这一概念扩展到 nested ActiveModel,允许 SeaORM 遍历嵌套对象树并确定哪些子树已更改需要更新。
例如:
let mut bob: user::ActiveModel = ..;
// update post title
bob.posts[0].title = Set("Lorem ipsum dolor sit amet".into());
// update post comment
bob.posts[0].comments[0].comment = Set("nice post! I learnt a lot".into());
// add a new comment too
bob.posts[1].comments.push(
comment::ActiveModel::builder().set_comment("interesting!")
);
bob.save(db).await?;
结果是:
BEGIN TRANSACTION
UPDATE post SET title = '..' WHERE id = post.id
UPDATE comment SET comment = '..' WHERE id = comment.id
INSERT INTO comment (post_id, comment) VALUES (post.id. '..')
COMMIT
内容很多,但一旦你建立了对 SeaORM 概念和机制的清晰心智模型,你会发现自己的效率大大提高!
级联删除
如果关系使用 ON DELETE CASCADE 定义,则不存在此问题。但是,SeaORM 也可以在客户端执行 cascade delete。它应用上述相同的规则,但方向相反。
例如,Post 属于 User。必须先删除所有 post 才能删除 user;否则,SQL 操作将失败。

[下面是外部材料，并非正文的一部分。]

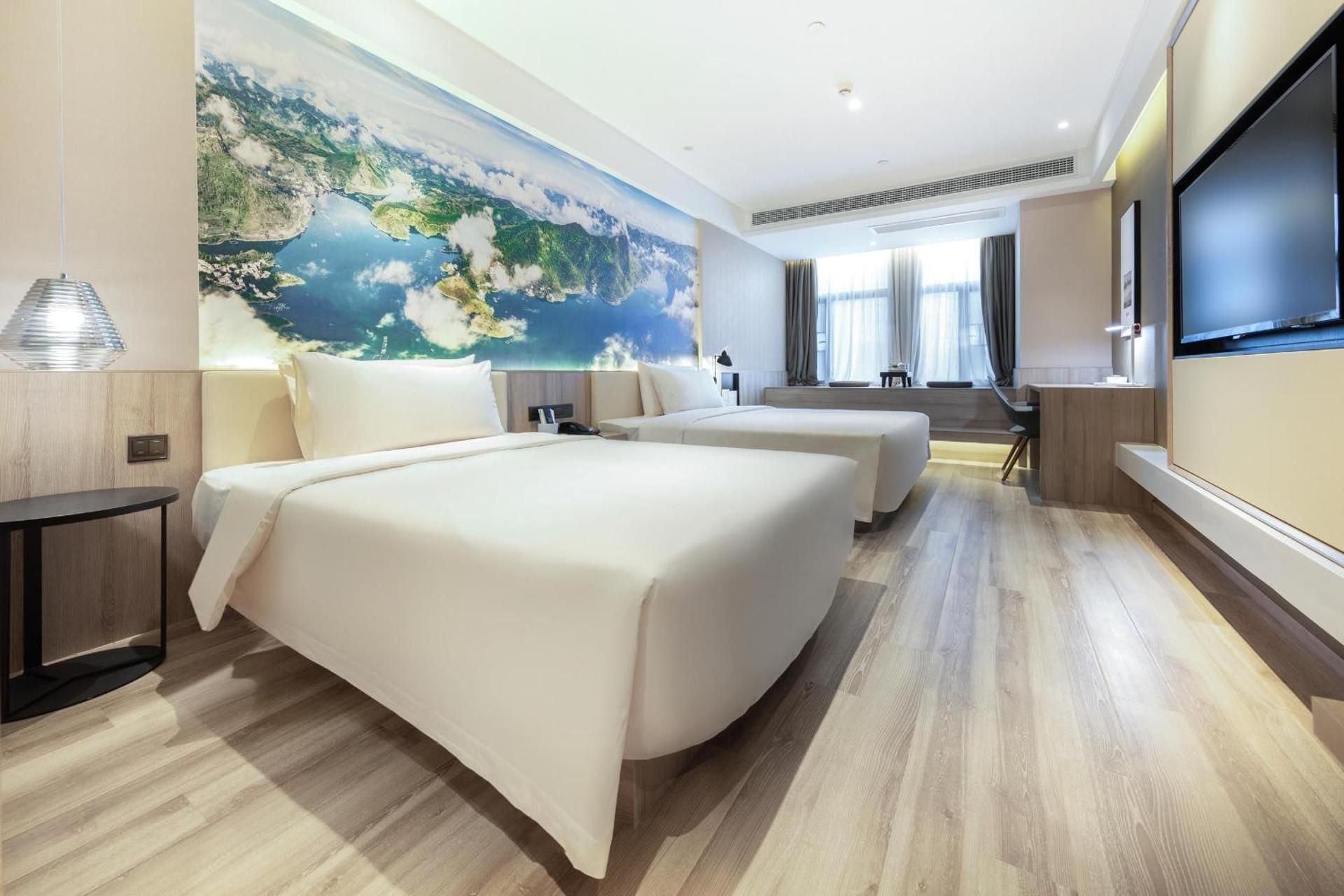 Deluxe Family Room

let user_4 = user::Entity::find_by_id(4).one(db).await?.unwrap();
user_4.cascade_delete(db).await?; // equivalent to below
user_4.into_ex().delete(db).await?;
-- query the profile belonging to user
SELECT FROM profile INNER JOIN user ON user.id = profile.user_id WHERE user.id = 4 LIMIT 1
-- delete the profile, if exist
DELETE FROM profile WHERE profile.id = 2
-- query the posts belonging to user
SELECT FROM post INNER JOIN user ON user.id = post.user_id WHERE user.id = 4
-- query the comments belonging to post
SELECT FROM comment INNER JOIN post ON post.id = comment.post_id WHERE post.id = 7
-- delete the comments, if exist
DELETE FROM comment WHERE comment.id = 5
-- query the post's tags
SELECT FROM post_tag INNER JOIN post ON post_tag.post_id = post.id WHERE post.id = 7
-- delete the post-tag associations
DELETE FROM post_tag WHERE (post_id, tag_id) IN ((7, 2), (7, 3), (7, 4))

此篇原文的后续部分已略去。